Il y a du Raymond Barre chez Thierry Breton. Comme l’ex-Premier ministre de Valéry Giscard d’Estaing, le titulaire de Bercy aime les formules qui culpabilisent les Français. Jusqu’à reprendre, trente ans après, un des aphorismes préférés de Raymond Barre : « La France vit au-dessus de ses moyens. »


Le 21 juin 2005, le ministre de l’Economie s’est voulu dramatique. La dette publique, avertit-il, ne se contente pas « d’absorber toutes les marges de manoeuvre de notre économie », elle menace aussi l’avenir du pays, puisque « chaque enfant naît avec une dette de 17000 euros », qu’il faudra bien rembourser. Le diagnostic n’est pas nouveau : à force de déficits cumulés depuis vingt-cinq ans, l’endettement dépasse aujourd’hui les 67,5 % du produit intérieur brut.
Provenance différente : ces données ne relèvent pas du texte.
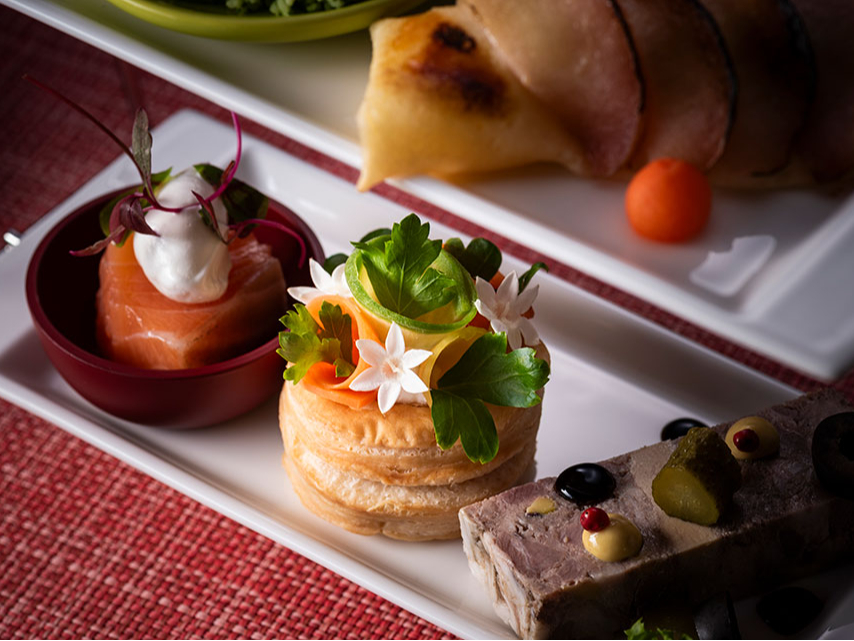 yt}lT[@̃N[悹ā^͓ƌ|[ÑpehJp[j^WHǂƃt}[W̃{[o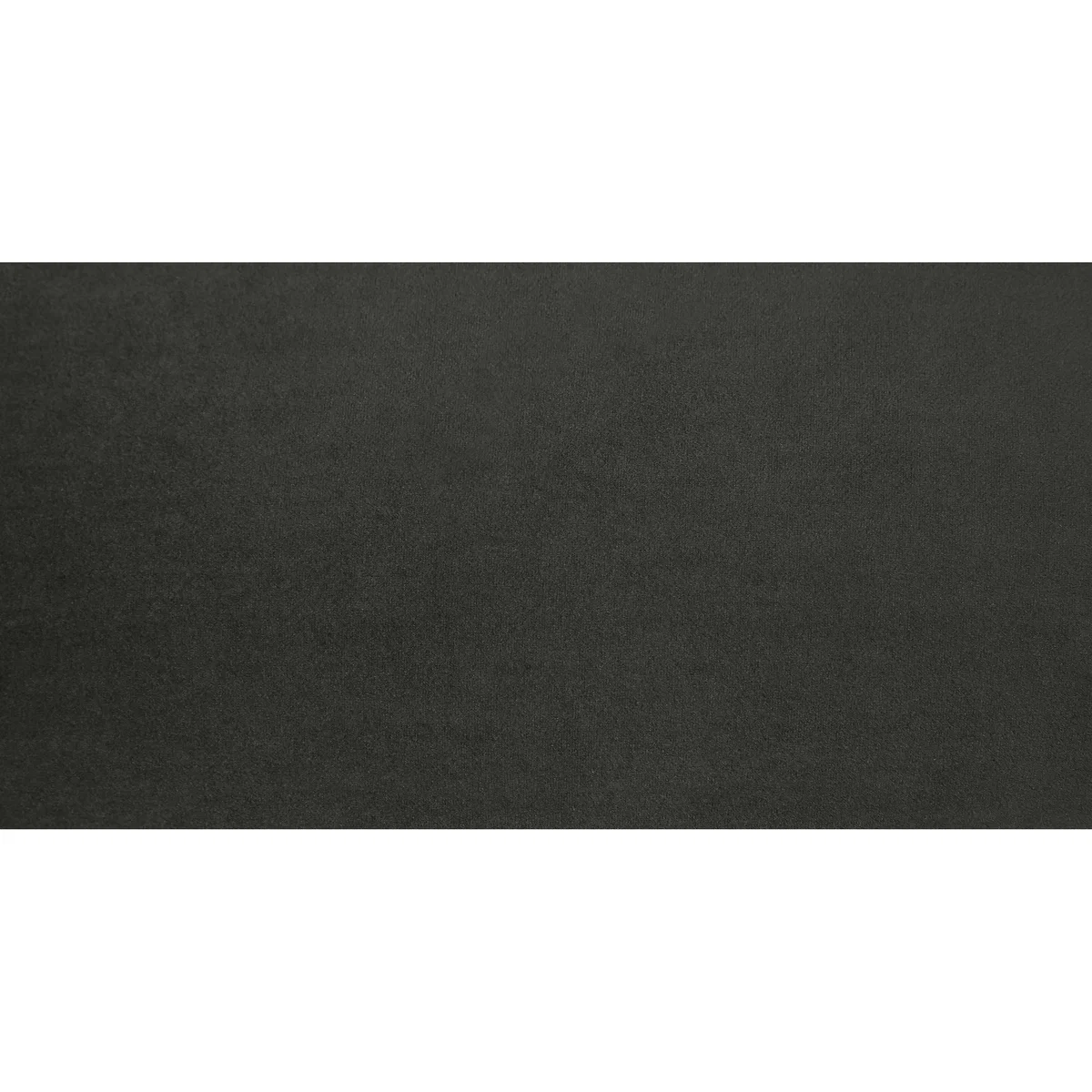 Wes 2 Seater Sofa, Mourne Grey Velvet – image 6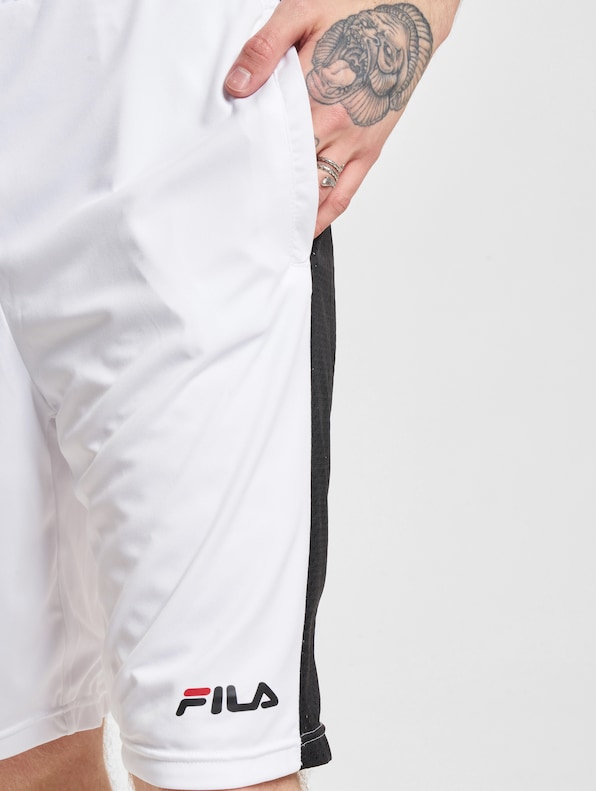 Bianco Filadelphia-4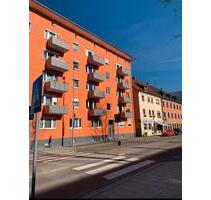 Eigentumswohnung 3-Zimmer - 235.000,00&nbsp;EUR Kaufpreis, ca.&nbsp; 65,00&nbsp;m&sup2; in Neu-Ulm (PLZ: 89231) Ludwigsfeld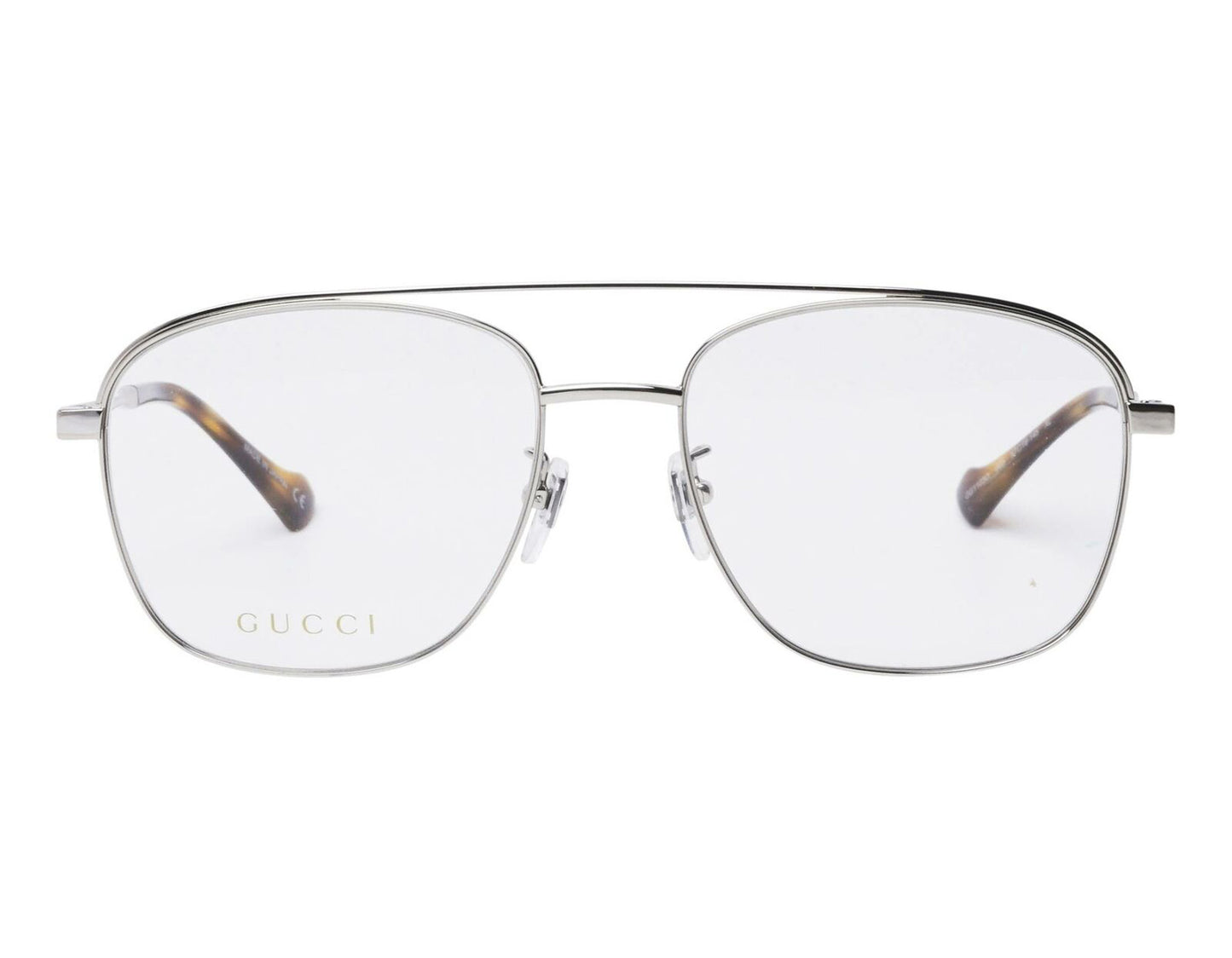 Gucci GG1103o-003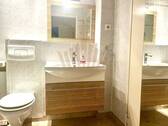 Badezimmer UG - 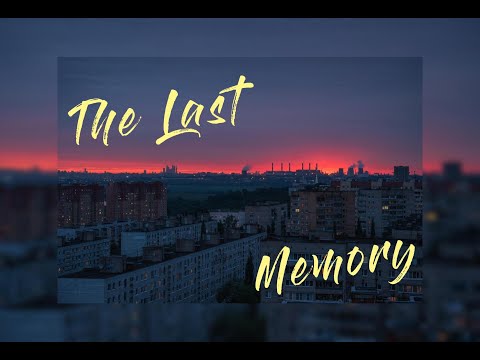 Видео: ГРУСТНЫЕ ПЕСНИ ЧТОБЫ УЙТИ В СЕБЯ №2 l ПОДБОРКА ГРУСТНЫХ ПЕСЕН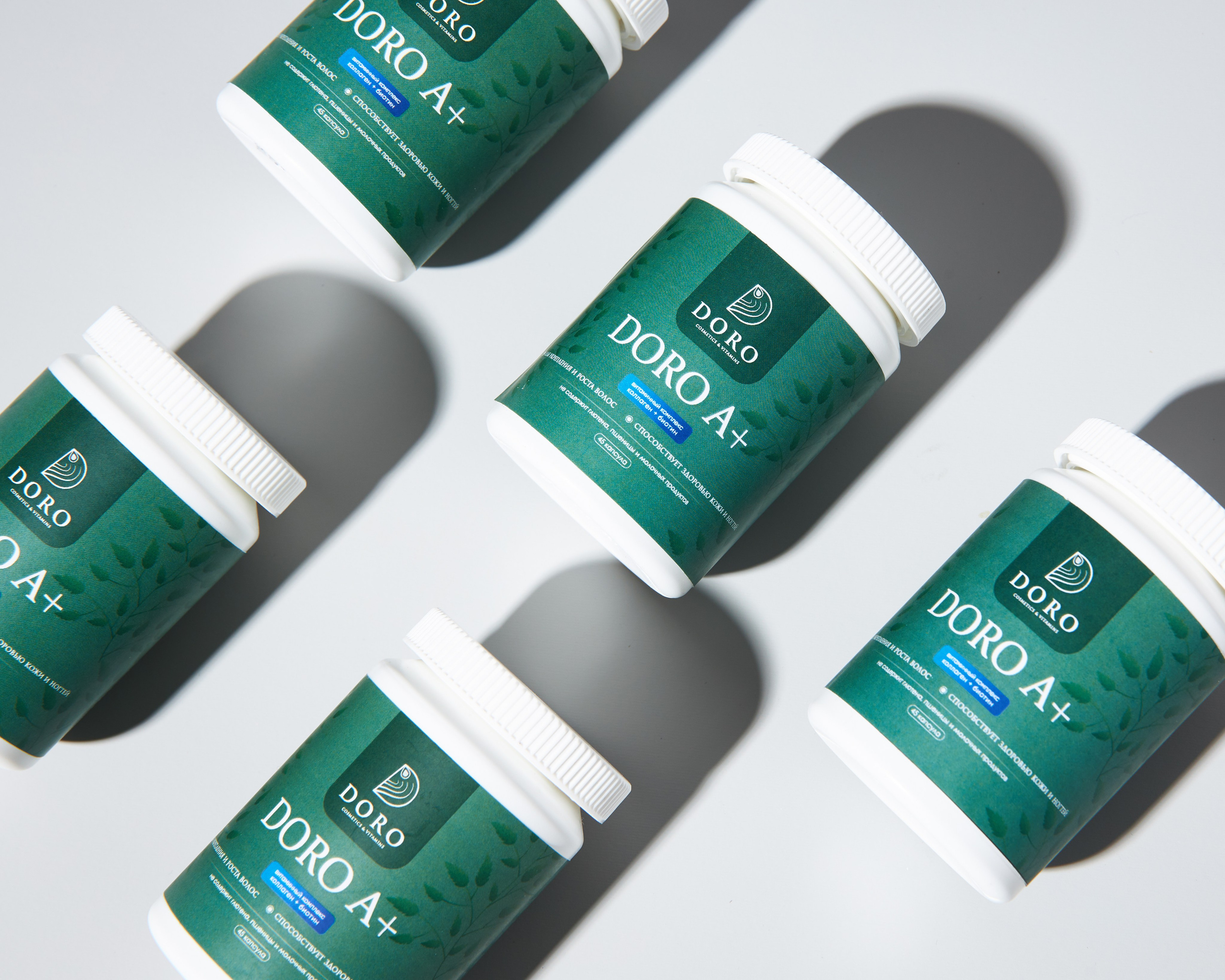 Doro. Свадебный и студийный фотограф в Алматы Ильяс Кырбаев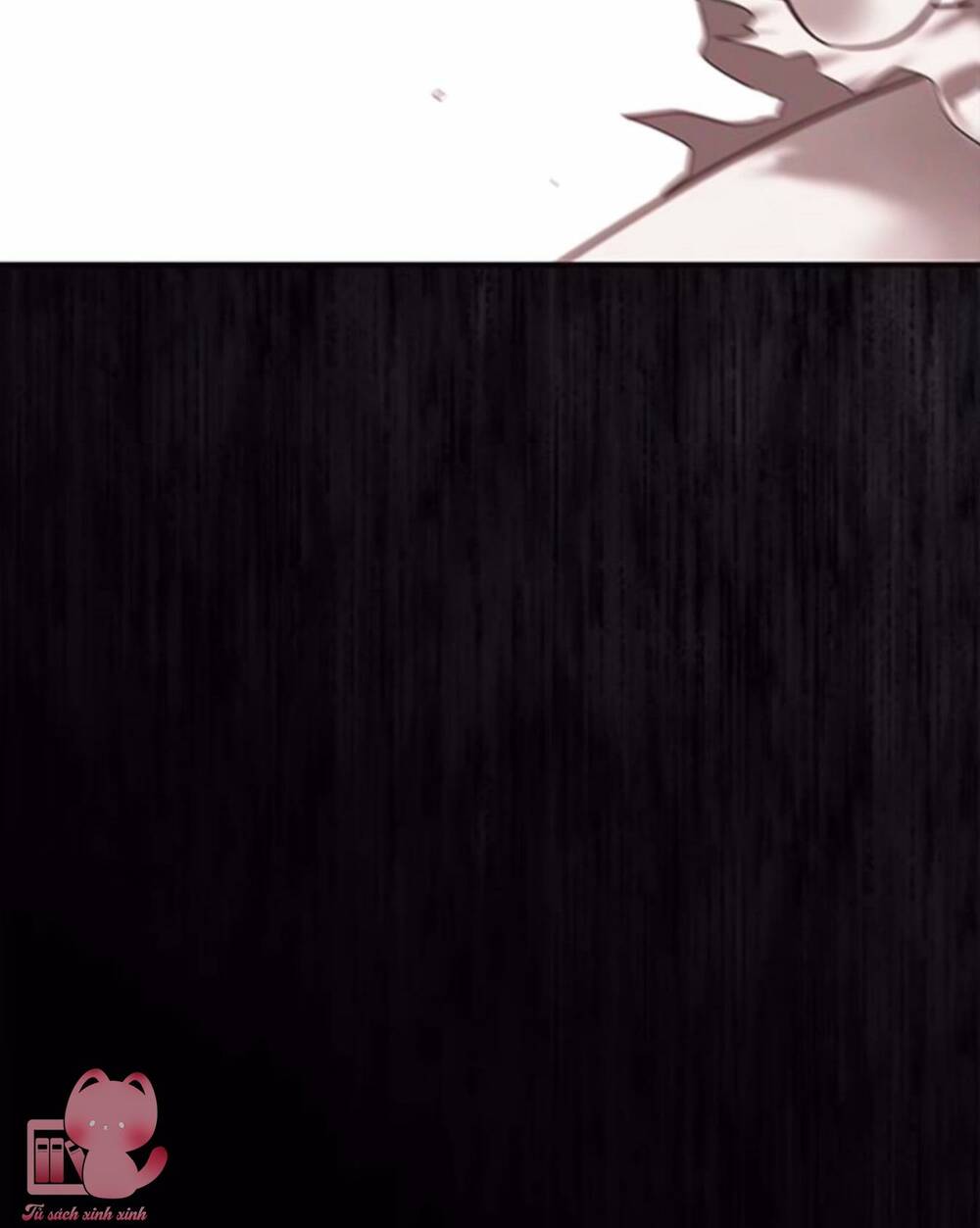 Cạm Bẫy Chap 146 - Next Chap 147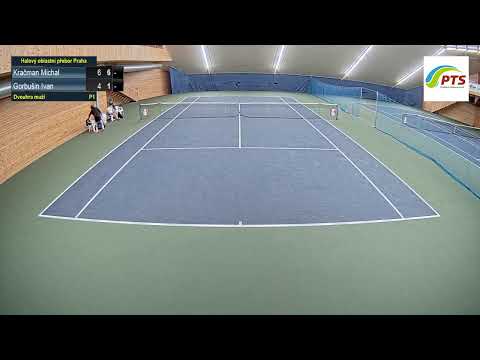 Kurt P1_12.12.2020_Oblastní přebory Prahy mužů_ I.ČLTK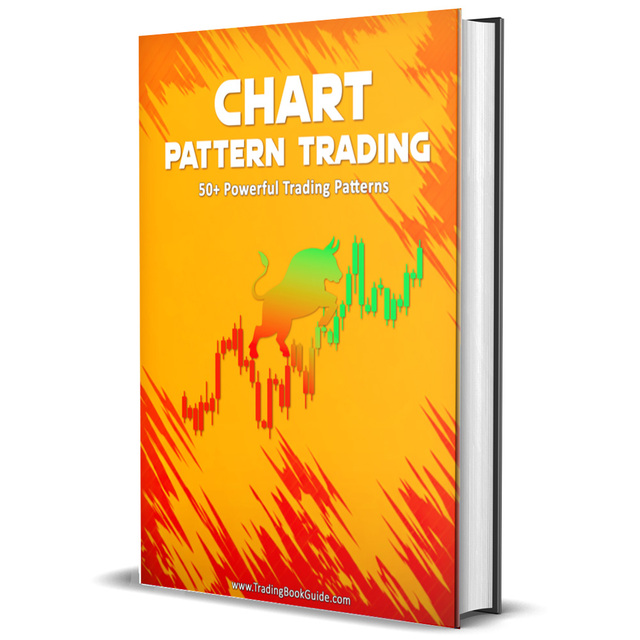 Chart Pattern Trading eBook [Leanpub PDF/iPad/Kindle]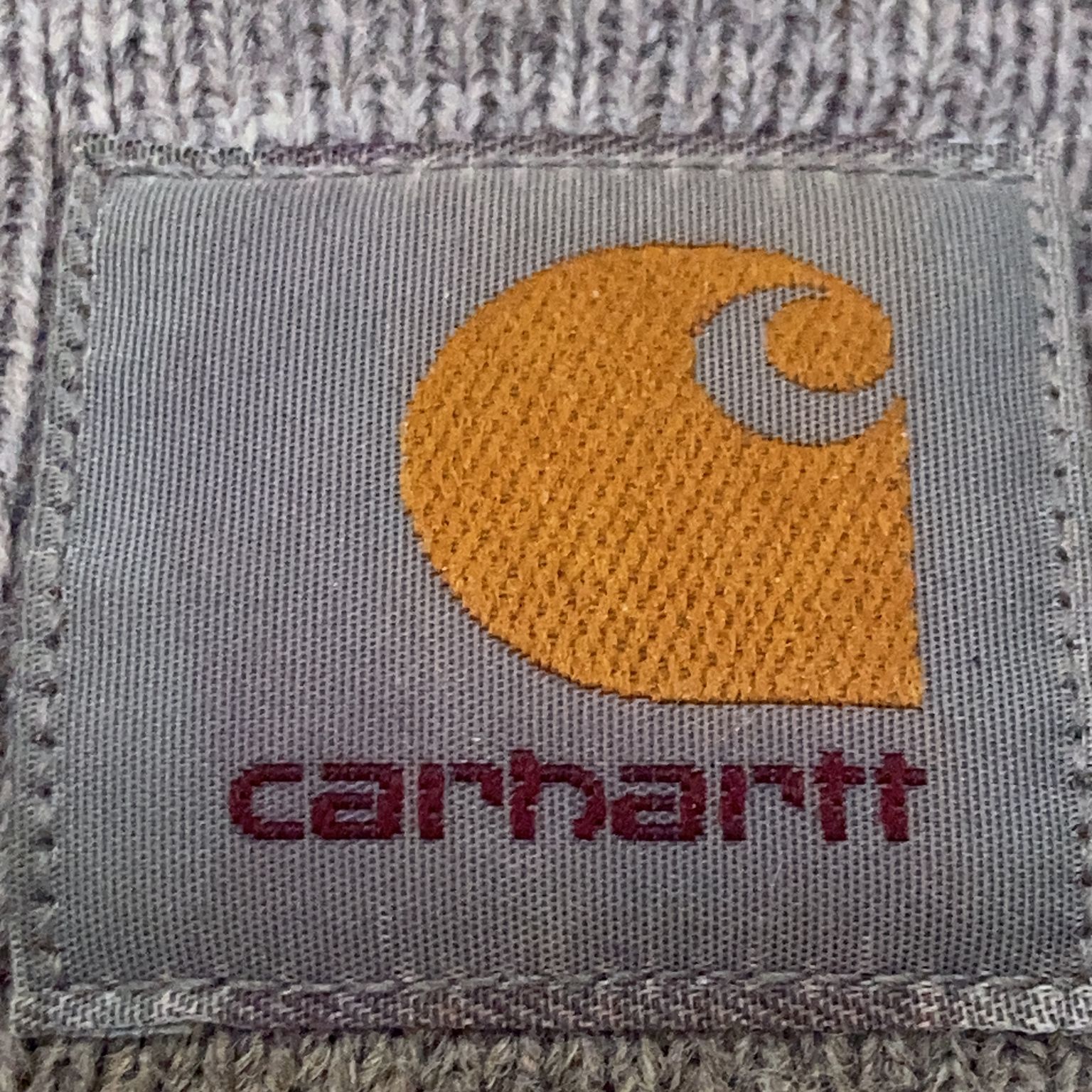 Carhartt WIP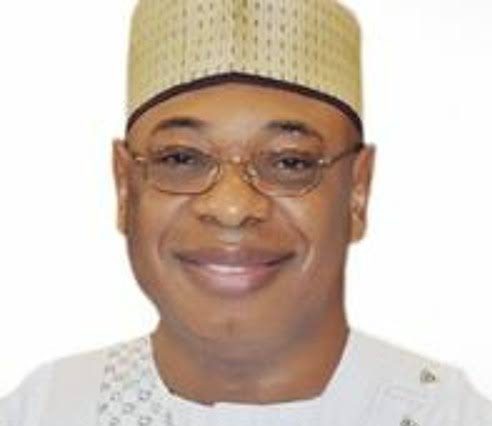 Nigeria’s Adalikwu re-elected as MOWCA SG
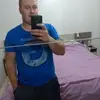 Luis Ritter Ritter - @luisritterritter - TikTok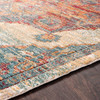 Livabliss Herati HER-2308 Traditional Machine Woven Area Rugs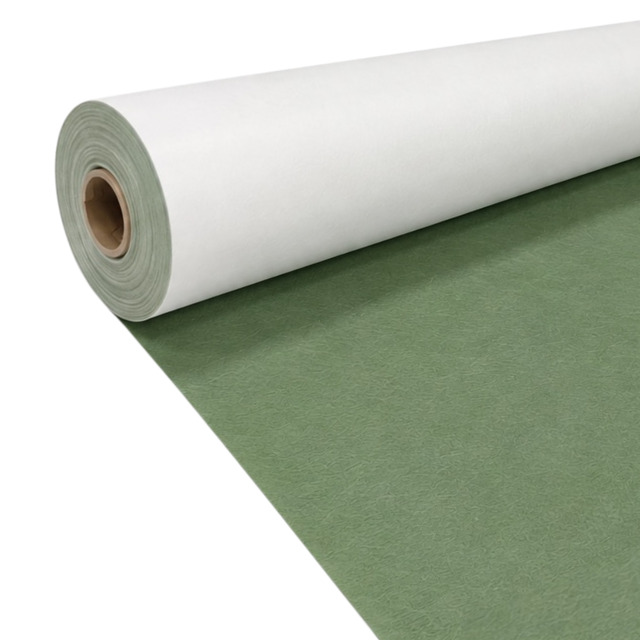 Vapour Control Membrane, Breathable Membrane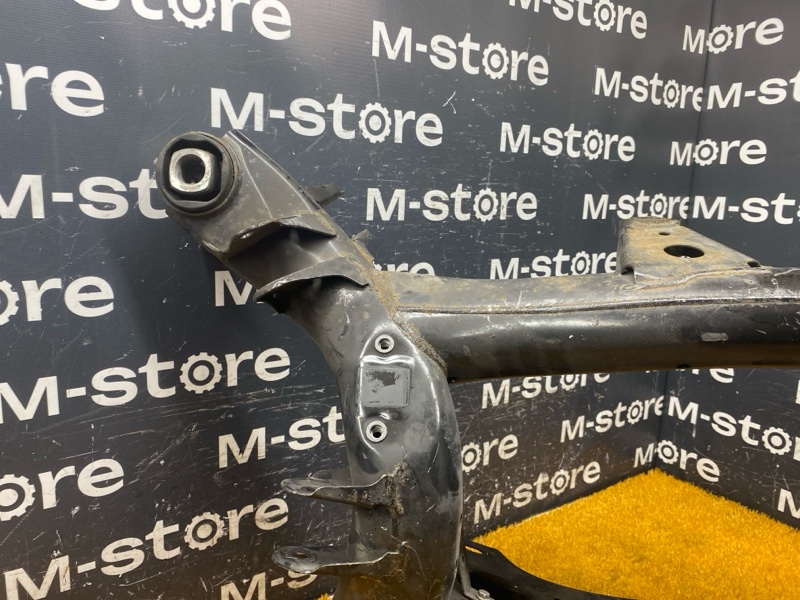 Балка поперечная (подрамник), 4000 рублей, Красноярск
Un record, qui traduirait la propension de la génération du baby-boom à reporter le fardeau de ses dépenses sur ses enfants et petits-enfants. Le ministre ne l’a pas dit, mais tous les économistes redoutent que la dette devienne ingérable en cas d’augmentation des taux d’intérêt, aujourd’hui historiquement bas. Le renchérissement d’un point des emprunts représenterait une augmentation des remboursements de 10 milliards par an.

Cadeau

L’avertissement aurait plus de force s’il était accompagné d’un bilan des trois années de gouvernement Raffarin. Car s’il est une période où la dette publique a augmenté, c’est bien celle-ci. En 2002, elle représentait 58 % du PIB. Elle est donc montée de 10 points en trois ans. Et compte tenu des perspectives, elle devrait atteindre les 70 % lorsque Jacques Chirac rendra son mandat, en mai 2007. Joli cadeau que l’actuelle majorité UMP laissera au pays. Il sera le résultat de sa politique économique : la seule baisse de l’impôt sur le revenu aura coûté, en cumulé, 43 milliards d’euros, soit les trois quarts d’une année entière de perception ! De même, chaque année, l’Etat consacre 17 milliards d’euros (51 milliards en trois ans) à la baisse des cotisations sociales patronales, sans demander en retour d’engagement aux employeurs en matière d’emploi. Vouloir mettre les citoyens devant leurs responsabilités est louable. Cela n’empêche pas de chercher où sont les erreurs.

Reste aussi à trouver un chemin pour sortir du piège de la dette. Thierry Breton écarte une solution à la Raymond Barre : couper dans les dépenses jusqu’à les amener au niveau des rentrées. Pour l’actuel ministre, la France « doit aller chercher la croissance ». « Ce n’est qu’avec une croissance d’au moins 3 % que nous pourrons traiter le problème de la dette », argumente-t-il.

L’intuition est logique et l’ambition rationnelle. Mais alors, c’est la méthode qui pèche. Toujours dans la lignée de la majorité UMP, Thierry Breton reprend la politique de l’offre : les Français ne travailleraient pas assez. Et d’appeler à l’allongement de la durée de vie au travail, au motif que la France est le pays où le taux d’activité au-delà de 54 ans est le plus faible des pays développés. De même, comme Nicolas Sarkozy appelle-t-il de ses voeux une « immigration choisie », destinée à compenser la baisse de la population active qui commencera à faire sentir ses effets dès 2006.

Réserves

C’est mettre la charrue avant les boeufs. Car avec 10 % de chômeurs, et un taux d’emploi féminin assez bas, la France a des réserves de main-d’oeuvre conséquentes : plusieurs millions de personnes, alors que les fameux « emplois non pourvus » sont au plus 500000. Le fait est simple et massif : c’est d’emplois dont manque, pour le moment, le pays, pas de bras. Et plutôt que de chercher à faire travailler plus longtemps, le gouvernement devrait s’attacher à faire travailler plus de monde.